Problem description ▸ Could you return, exactly as written, every line from the one containing "Букет з 7 троянд і 10 ірисів" through the last line of the entries below, leaving out the pictures?

Crawled caption data
+ + + + +

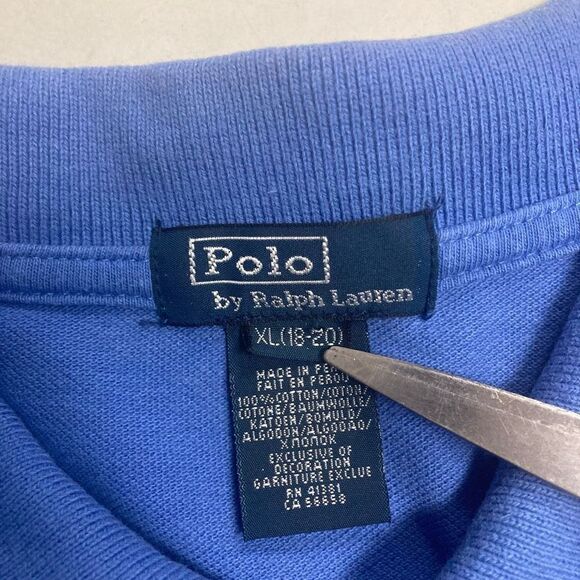 POLO BY RALPH LAUREN Big Boy’s Polo Shirt Blue‎ Size XL 18/20 Short Sleeves - Picture 3 of 8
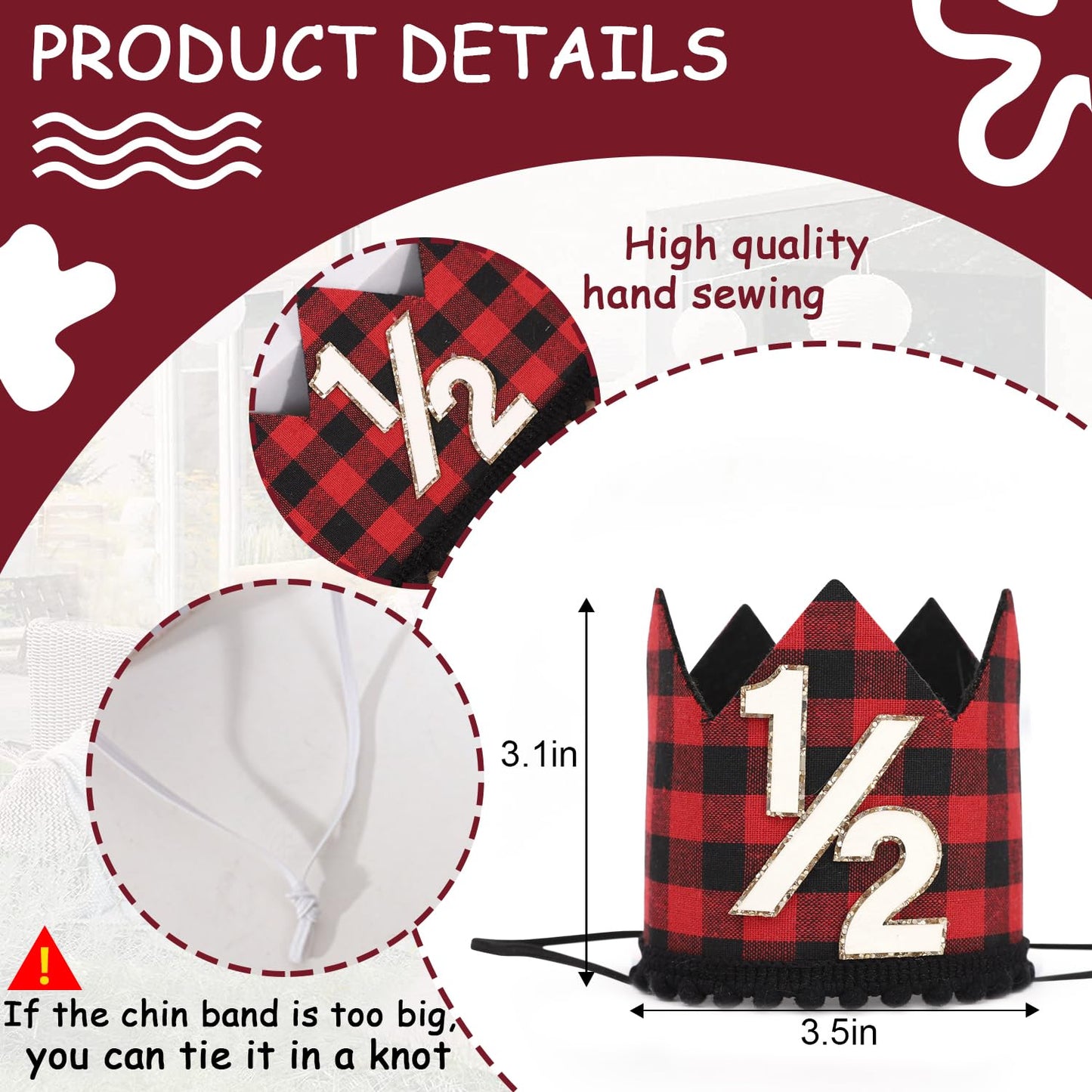 Simple Half Birthday Party Crown - Classic 1/2 Birthday Hat for Six Months Celebration,Unisex Photo Prop&Decorations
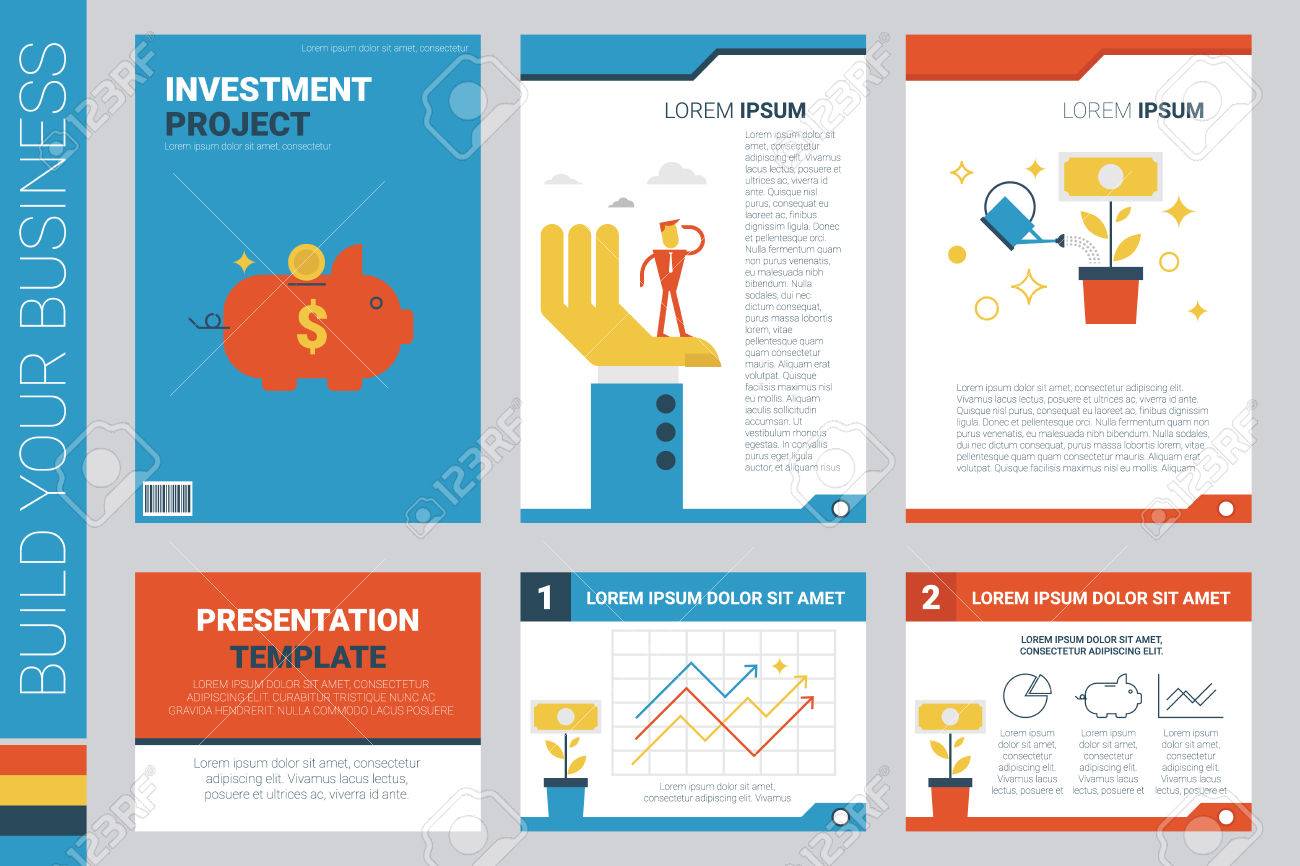investment project book cover and presentation template with flat design elements ideal for company information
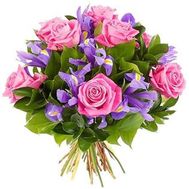 Букет з 7 троянд і 10 ірисів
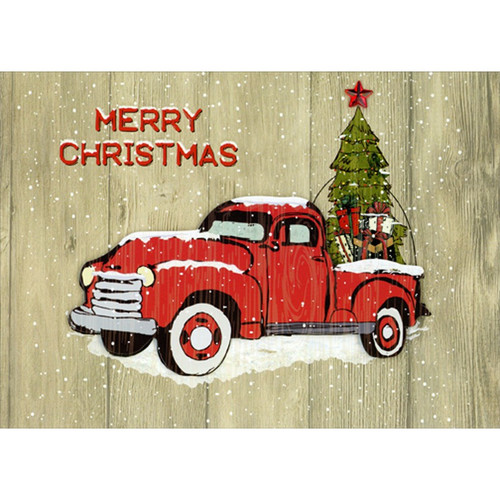 Red Truck 3D Tip On : Tree with Red Gem Star Hand Decorated Christmas Card: Merry Christmas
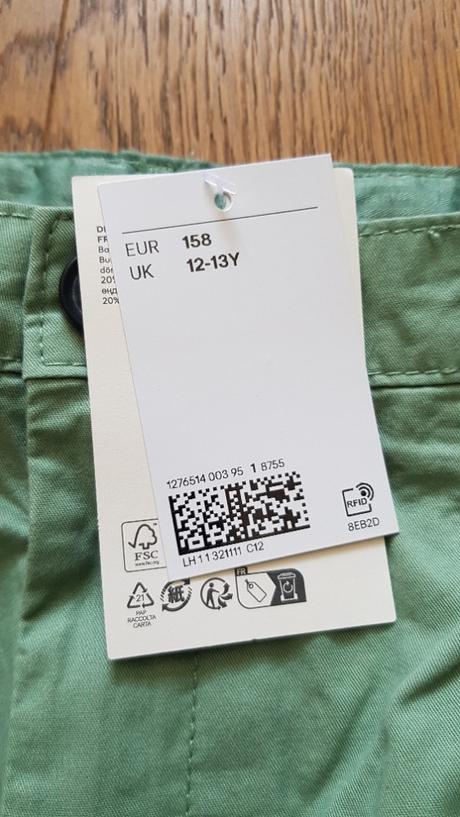 Bavlněné kraťasy chino, zelené, 158, h&m,158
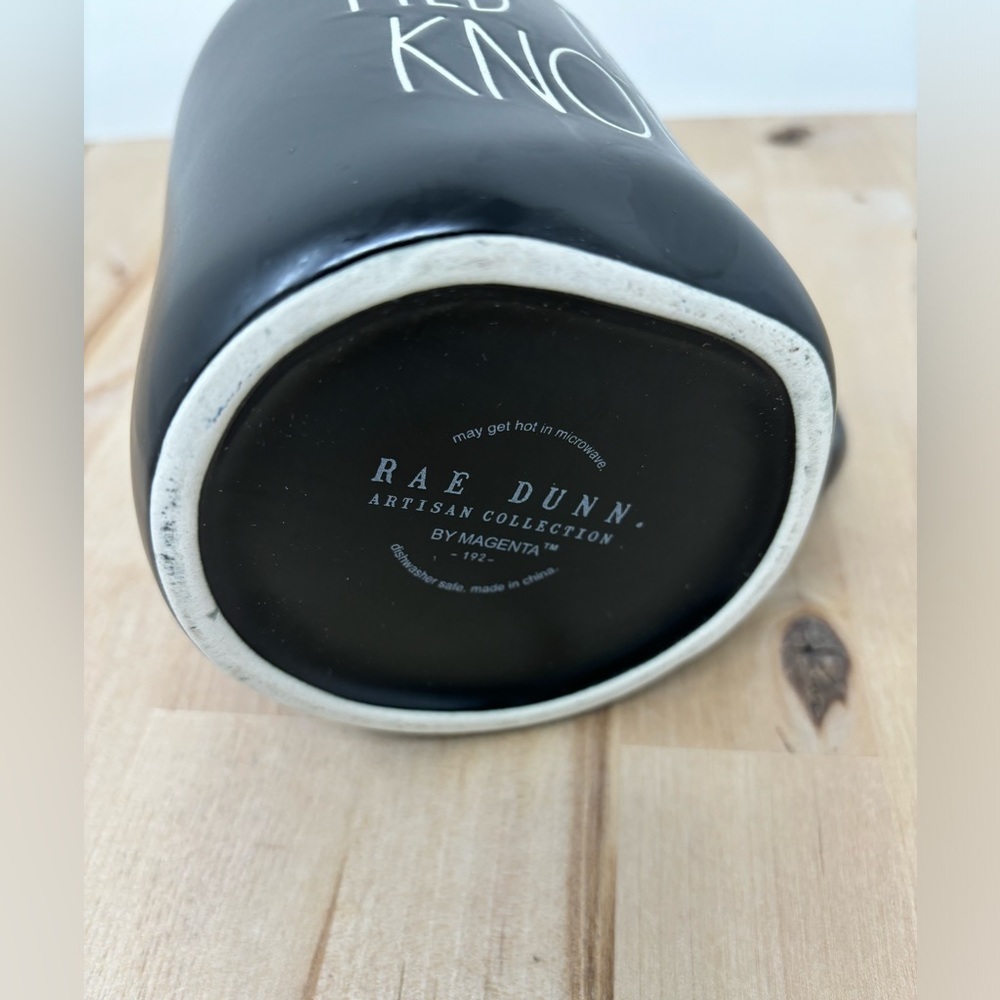Rae Dunn TIED THE KNOT Mug Black with White Lettering Ceramic New - Picture 4 of 4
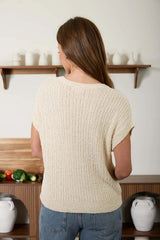 ROSALIE BUTTON DOWN KNIT TOP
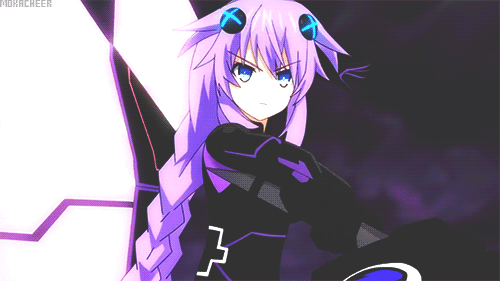 1girl animated animated_gif ass bodysuit breasts choujigen_game_neptune cleavage elbow_gloves gloves leotard long_hair matching_hair/eyes neptune_(choujigen_game_neptune) neptune_(series) purple_hair purple_heart solo sword twin_braids violet_eyes weapon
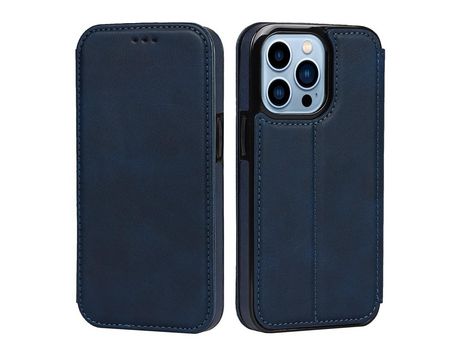 Funda TPU + PU absorción magnética con suporte por tarjeta azul por iPhone 13 Pro 6.1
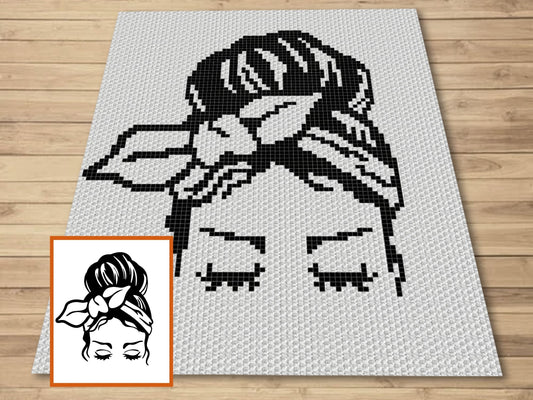 Messy Bun Girl Graph & Pattern C2C + Tapestry Crochet Girl Blanket Graphgan C2C Girl Crochet Blanket Trendy Crochet Pattern DIY Gift Women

+ + + + +

Task result ▸
 Букет з 7 троянд і 10 ірисів
 Red Truck 3D Tip On : Tree with Red Gem Star Hand Decorated Christmas Card: Merry Christmas
 Bavlněné kraťasy chino, zelené, 158, h&m,158
Rae Dunn TIED THE KNOT Mug Black with White Lettering Ceramic New - Picture 4 of 4
 ROSALIE BUTTON DOWN KNIT TOP
 1girl animated animated_gif ass bodysuit breasts choujigen_game_neptune cleavage elbow_gloves gloves leotard long_hair matching_hair/eyes neptune_(choujigen_game_neptune) neptune_(series) purple_hair purple_heart solo sword twin_braids violet_eyes weapon
 Funda TPU + PU absorción magnética con suporte por tarjeta azul por iPhone 13 Pro 6.1
 Messy Bun Girl Graph & Pattern C2C + Tapestry Crochet Girl Blanket Graphgan C2C Girl Crochet Blanket Trendy Crochet Pattern DIY Gift Women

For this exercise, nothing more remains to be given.